By JEREMY GOULD/Montana State News

A bill to allow students to carry concealed firearms on Montana college campuses is facing dissent from both students and government officials.

“Statistically, firearms in a dorm are more likely to result in suicide than hypothetical situations,” said Kevin McRae, deputy commissioner of higher education, referring to events like mass shootings. He sees a “peculiar double standard” in the Legislature outlawing firearms in state buildings but working to approve them on college campuses.

“Common sense dictates that guns and college campuses do not mix,” said Gov. Steve Bullock after vetoing a similar bill in 2013.

Students have also expressed their distaste for the bill.

“With more guns come more problems,” said Montana State University student Isaac Miller on Wednesday. “I can’t see any way that would help things,”

Whitney Kara, a student at the University of Montana, expressed similar sentiments. “If I knew the same people that aren’t responsible enough to pick up their beer cans after the weekend had the right to carry a gun to class, I might want to find a school out of state.”

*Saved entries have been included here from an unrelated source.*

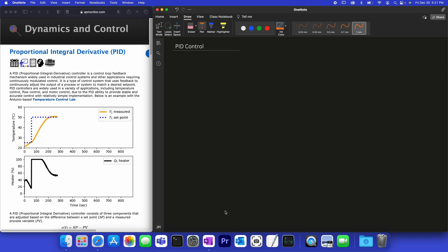A proportional integral derivative controller is a control loop feedback mechanism widely used in industrial control systems and other applications requiring constant adjustments of an actuator based on a measurement.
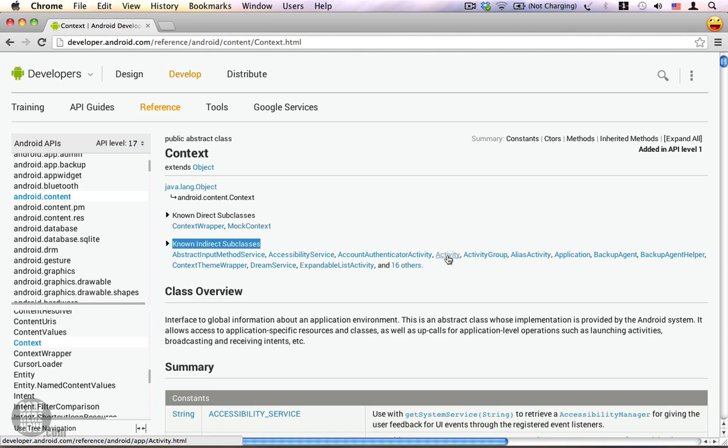This literally means you can use your activity to access your project resources, you can use your activity to interact with other Android components, and also you can use your activity to access the application environment.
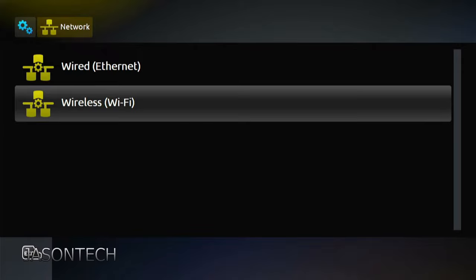If your box doesn't, I'll put a link in the description of the dongle that you can actually, it's a Wi-Fi dongle. You just plug it in the back of the box. You cannot plug in the front, it has to be in the back. And it will give you this option as well. So what you're going to do is you're going to go into Wireless.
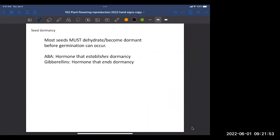Seeds are like a little embryo plant and its lunch packed very tightly and in a very protected way. Seeds can travel long distances and wait a long time until conditions are perfect for germination. This has been a really important part of the evolutionary success of flowering plants.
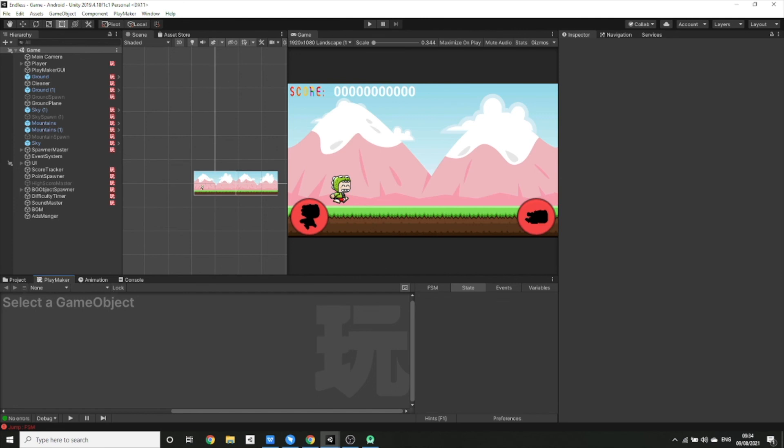And that's it! Thank you very much for watching this video on how to fix the Unity error of not being able to build to API level 31. Hopefully I'll see you in the next video.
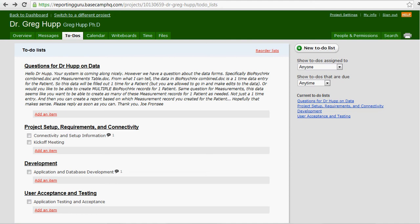In this video, I'm going to talk about to-do items, to-do lists, and messages within Basecamp.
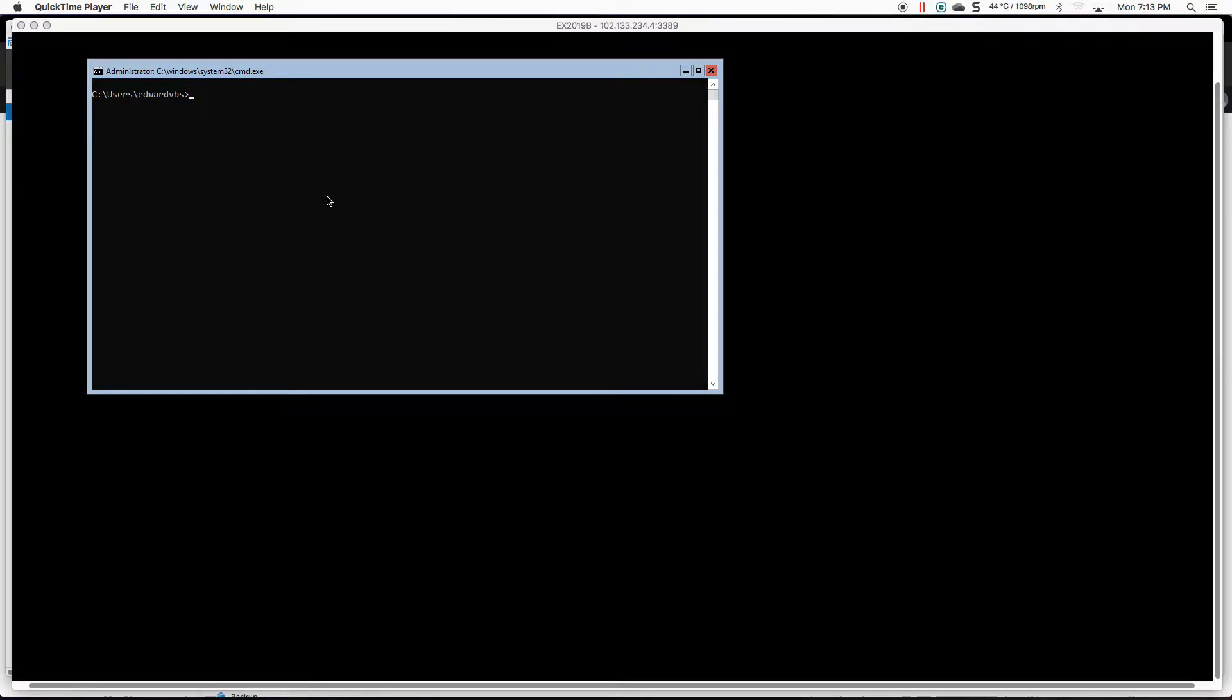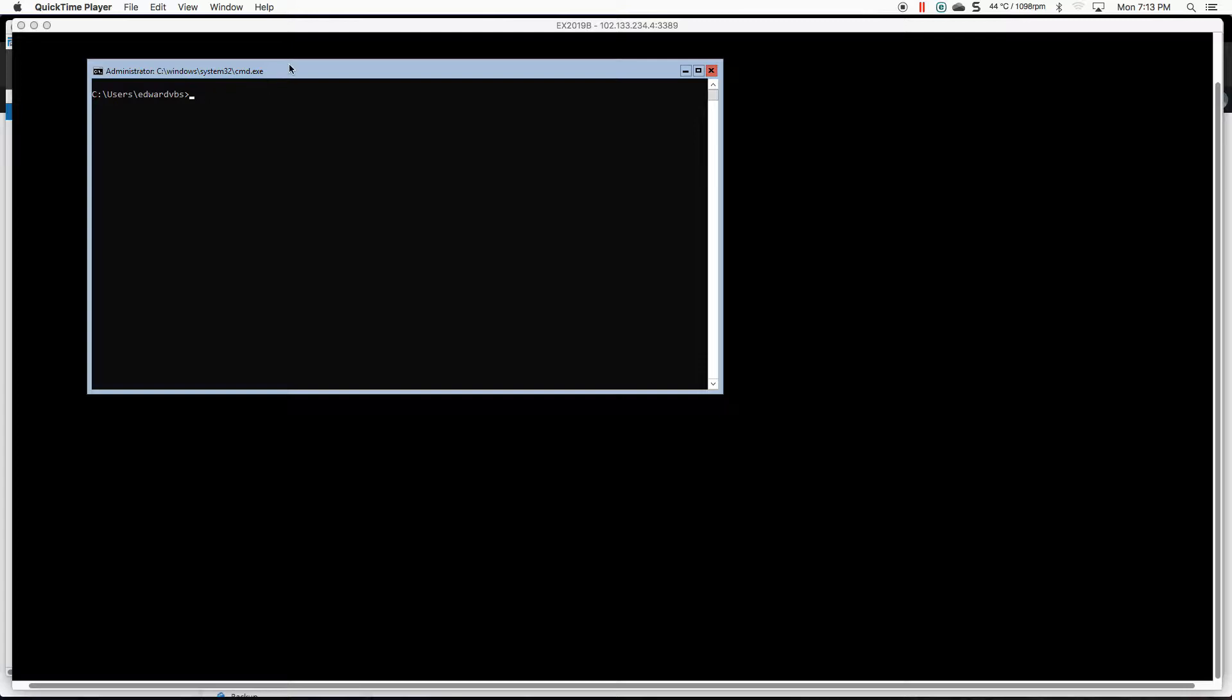Hello everyone, welcome to another Exchange 2019 video. In today's video I want to show you that I have brought up a machine that's running Server 2019 Core.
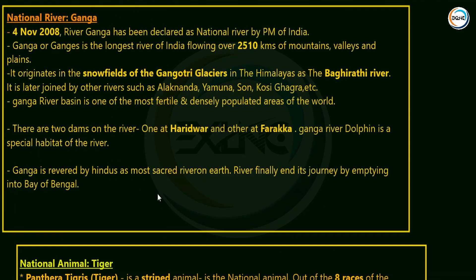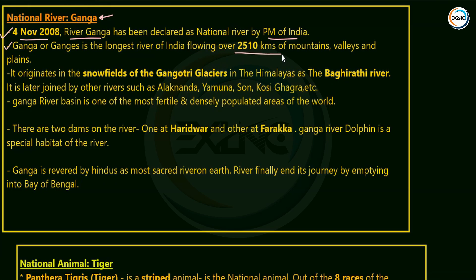The National River of India is the Ganga. Ganga river was declared the national river of India on 4th November 2008 by the Prime Minister of India. The Ganga is the longest river of India, with a length of approximately more than 2510 km, flowing through mountains, valleys, and plains.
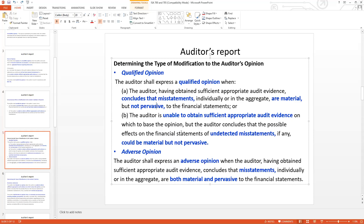When the auditor is unable to obtain sufficient appropriate audit evidence on which to base the opinion, and the auditor concludes that the possible effects on the financial statements of undetected misstatements, if any, could be material but not pervasive, then the auditor has sufficient basis to consider the possible effect on the financial statements of those undetected misstatements.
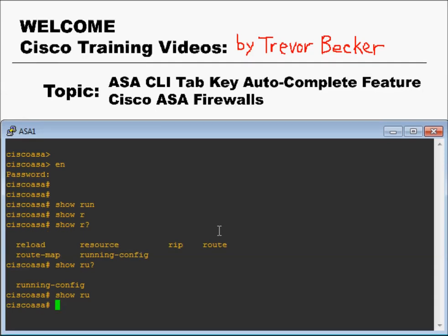I rarely use the tab feature. The reason is that the Cisco ASA will accept a command as long as you've typed enough characters so that the device knows with 100% certainty that's the command you're trying to type — because no other commands exist on the device that are possible using the characters you've typed.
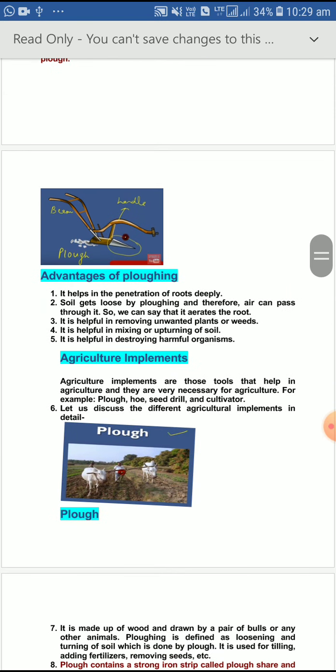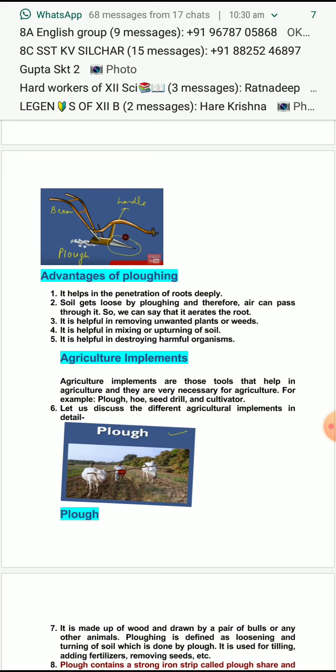There are many advantages of plowing. It helps in the penetration of the root easily — the root can easily penetrate as the soil gets loosened by the plow, and therefore air can pass through it, so we can say that it aerates the root. It also helps in removing unwanted plants. With the help of a plow we can easily remove the weeds — weeds mean unwanted plants which grow along with the crop. It helps in mixing and upturning of the soil, meaning the soil below comes up and the soil above goes down — a rotation type — so that our soil becomes fertile. It also helps in destroying harmful organisms.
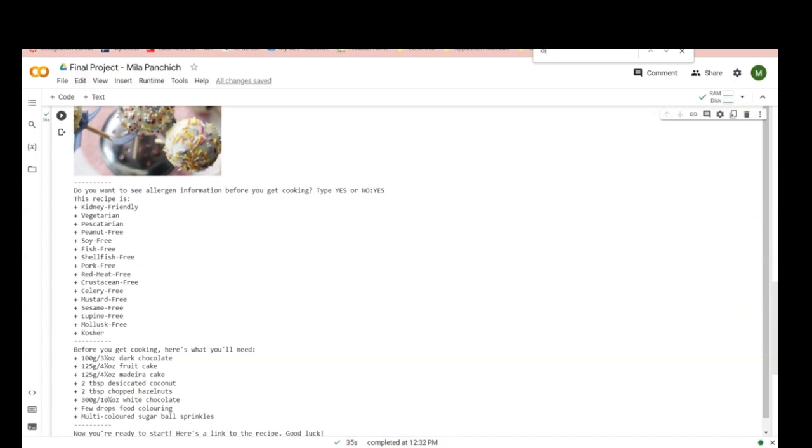But then maybe I'm like, oh, I want this dairy-free. And that doesn't meet the requirement, so if I couldn't eat dairy, then I probably wouldn't eat this recipe.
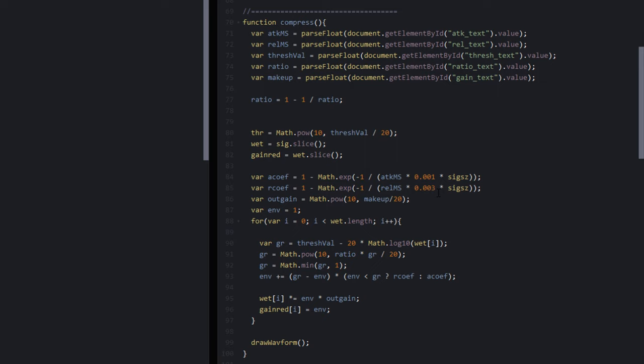But certainly based on everything that I looked at, this is pretty much it. This is how the Renoise compressors operate. It's quite accurate.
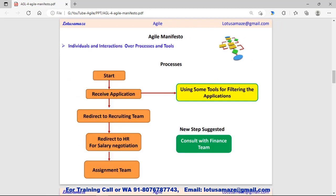We can check the process with this diagram showing the flow of how to recruit people. First we take the application, and at that step the process uses a tool for filtering applications on the basis of qualification, experience, or whatever it is. After filtering, applications are redirected to the recruiting team, who then take the interview, negotiate the salary, and finally submit the application to the assignment team.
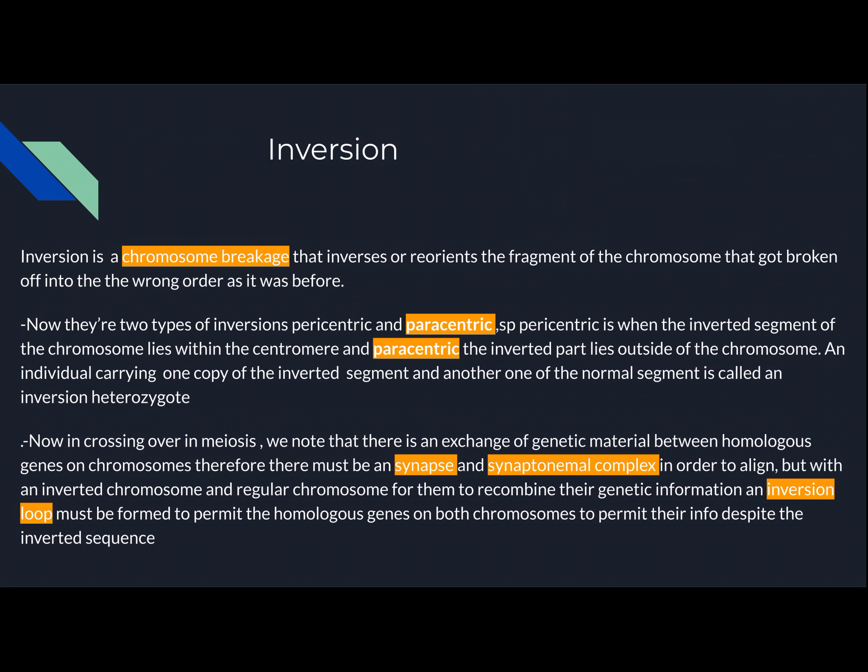Inversion is a chromosome breakage that inverses or reorientates the fragment of a chromosome that broke off into the wrong order as it was before. Chromosome breakage is when a fragment of the chromosome breaks off. Inversion is when that fragment inverts its orientation, so it returns back in the wrong orientation as it was before. There are two types of inversions: pericentric and paracentric. Pericentric is when the inverted segment of the chromosome lies within the centromere, and paracentric is when the inverted part lies outside of the centromere.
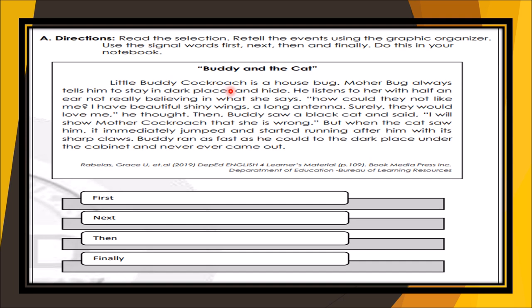Little Buddy is the main character because he is ambitious and doesn't listen to his mother. Mother Bug is the next character — she is Buddy's mother who warns Little Buddy about all the dangers in the house. The third character is the cat — the one who proves Little Buddy wrong in his assumptions.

In its defense, the author of the bill, Sen. Cary Smith, said, “The Board of Regents does not have the right to take away our right to defend ourselves.” If the bill passed, the Montana Board of Regents would have its right to regulate firearms on campus revoked.

The bill narrowly passed the second of three readings by the Montana Senate by one vote. It must pass one more reading before being brought to the House for approval.